_Listed records_:
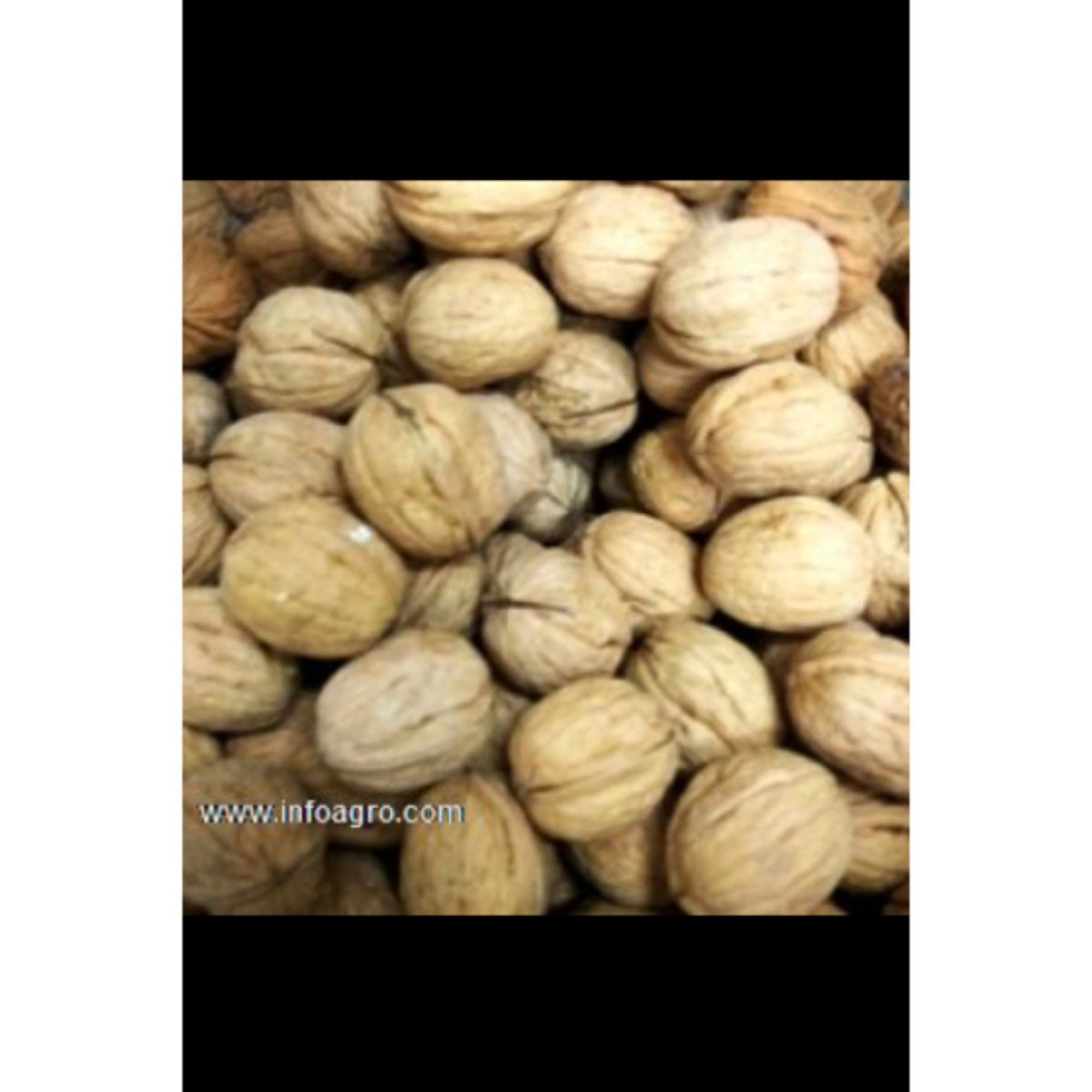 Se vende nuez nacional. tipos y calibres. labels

...

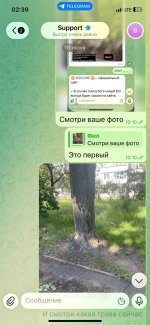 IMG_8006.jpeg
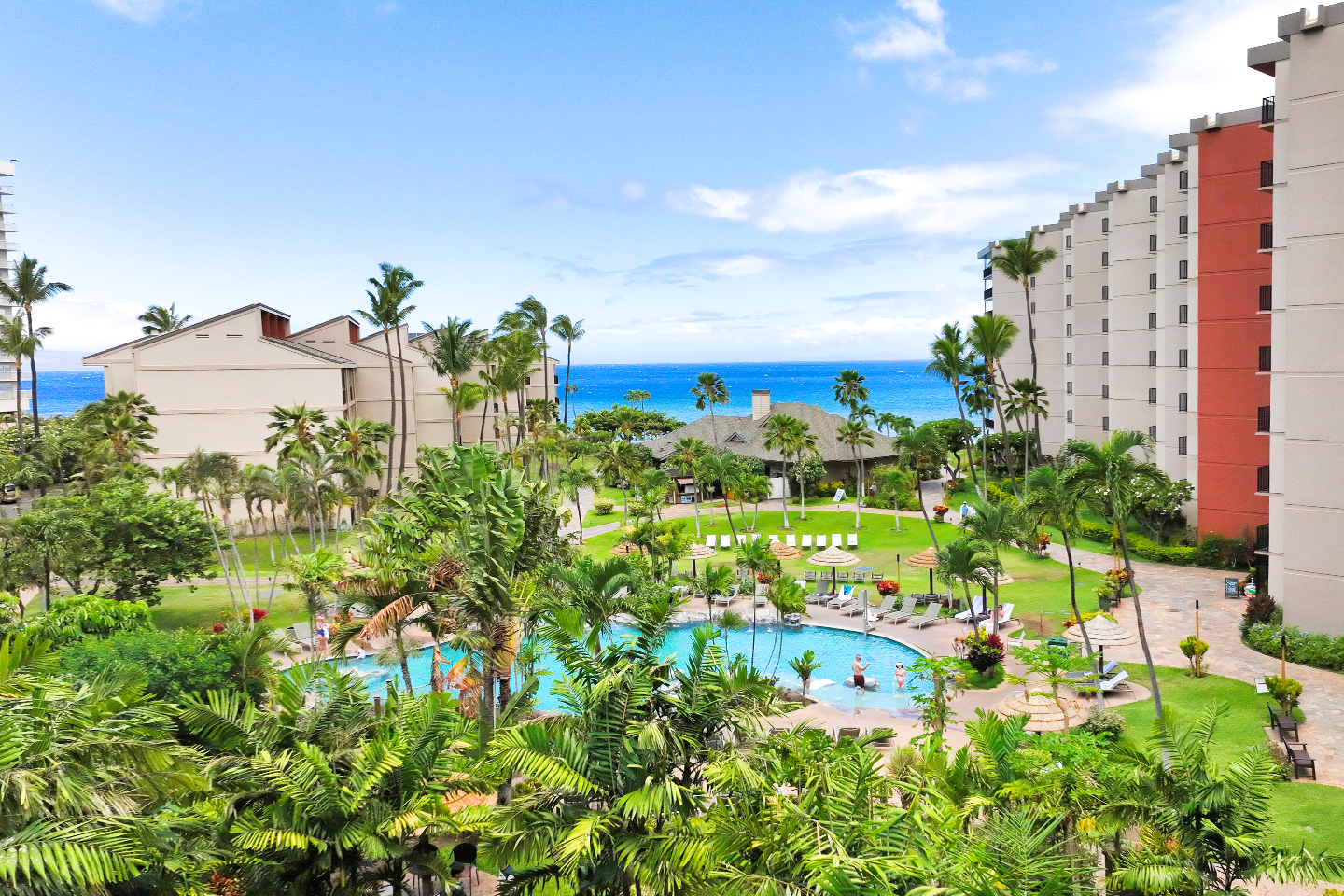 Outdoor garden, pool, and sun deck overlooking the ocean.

_Description of the task_:
What to print is the stretch of entries from the line with "IMG_8006.jpeg" up to and including the line with "Outdoor garden, pool, and". Please print it exactly and leave out the pictures.

_Result_:
 IMG_8006.jpeg
 Outdoor garden, pool, and sun deck overlooking the ocean.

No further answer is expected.